In a previous article, we discussed a few gaps in the PMBOK® Guide. That topic is a chapter in an upcoming e-book on how the guide current reality. In another e-book, we discuss improvements to the guide; this article is a chapter in this second e-book.
- A methodology,
- Organizational system,
- Tailoring and customization,
- Project classifications,
- Templates and forms,
- Project life cycle,
- Benefits realization, and
- References for external resources.
Since the PMBOK® Guide design is to be a generic guide it cannot be a method and our recommendation is to keep it that way. The guide should not offer a method, and this point need to be stressed, more than it is now. Therefore, adding a few sentences in various places explaining why the guide is not and cannot be a method would be of significant benefit.
The basis of the PMBOK® Guide is that it covers the processes required to manage a single project (a generic project). It is also designed on the basis that an organizational project management (OPM) system already exists. We agree with this approach and emphasize that the guide should not include an OPM system. This recommendation is for two reasons:
- The guide is not the proper platform to include an OPM system.
- OPM systems must be highly tailored to the organizational and project context and would not be practical to address here.
Therefore, our recommendation is to emphasize this principle in various part of the guide and show examples to help visualize the link and differences between an OPM system and the actual processes to manage a project.
Tailoring and customization
The PMBOK® Guide does not include industry/application area specific processes or knowledge areas. This situation is perfectly acceptable and should be emphasized in the same way as the previous two points.
We have a dedicated chapter on this topic in Section II.
Templates and forms
The guide is not a manual and cannot be and should not be. Templates and forms should be part of the organizational project management system, as discussed already.
Project life cycle
Since the guide is not industry or domain specific and is not a method, it cannot offer a fixed project life cycle. However, to remind the reader, in the earlier editions, the PMBOK® Guide used to show sample project life cycles from different industries. That was helpful, and we do recommend adding a few images showing the project life cycles from various domains.
It would also help if the PMBOK® Guide shows how the process groups relate to the phases of these project life cycles, but that is also a dedicated chapter in Section II.
Benefits realization and new project definition
Benefits realization is directly related to the definition of what is a project.
The definition of project in the guide focuses on the output – the output being a product, service, or result (The Project Management Institute, 2013). However, projects are about delivering an outcome and realizing the benefits expected when the project was approved.

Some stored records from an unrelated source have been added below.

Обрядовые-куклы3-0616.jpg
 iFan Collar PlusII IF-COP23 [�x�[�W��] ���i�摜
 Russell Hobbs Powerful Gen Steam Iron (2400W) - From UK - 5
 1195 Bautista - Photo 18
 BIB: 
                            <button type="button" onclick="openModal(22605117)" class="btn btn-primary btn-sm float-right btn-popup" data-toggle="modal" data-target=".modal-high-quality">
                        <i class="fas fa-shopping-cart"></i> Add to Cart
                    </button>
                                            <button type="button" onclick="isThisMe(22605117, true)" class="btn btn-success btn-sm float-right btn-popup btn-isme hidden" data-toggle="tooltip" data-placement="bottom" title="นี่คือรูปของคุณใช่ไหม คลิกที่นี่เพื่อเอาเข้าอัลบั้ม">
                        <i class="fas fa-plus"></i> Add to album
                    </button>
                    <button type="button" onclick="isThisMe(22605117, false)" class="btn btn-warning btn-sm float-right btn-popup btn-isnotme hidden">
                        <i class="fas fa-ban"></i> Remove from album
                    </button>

Therefore, it is important to distinguish between output and outcome and change the project definition accordingly.
The current definition of a project is “A project is a temporary endeavor undertaken to create a unique product, service or result.” (The Project Management Institute, 2013) Our recommended revision of the definition of a project would be to add: ‘and deliver benefits to the organization.”
There are many reasons for this recommendation:
- It emphasizes that projects are about delivering benefits and not just outputs.
- It encourages, or mandate, the team to define criteria for measuring success.
- It also clarifies the need to have a dimension for measuring success that is not limited to technical delivery of the output or time and cost.
- It will help minimize the confusion between projects and sub-projects or phases since each phase or sub-project deliver an output and cannot deliver benefits until all of the parts are connected.
- The previous point also helps clarify the different between projects that have phases and sub-projects, each delivering an output but not benefits; and programs that have projects each delivering benefits independent of the overall program benefits.
References and external resources
The recommendations here are obvious and would align with the three points we raised in Part 1. These are:
- Provide references and credits to the source of the content like all publications are obligated to do.
- Eliminate the PMI mandates that the volunteers assign their copyrights to PMI for any content that they submit. The volunteers can assign PMI the rights to use the information, but the original contributor also retain ownership. This is a form of joint ownership.
- It would be good if the guide includes references to other publications and resources that would help the practitioners, even if PMI does not publish it. There are many organizations that publish resources that are more in depth than what PMI covers, for certain topics. Examples of this would be what is published by the International Project Management Association (IPMA), The Association for Advancement of Cost Engineers (AACE) International, and numerous others.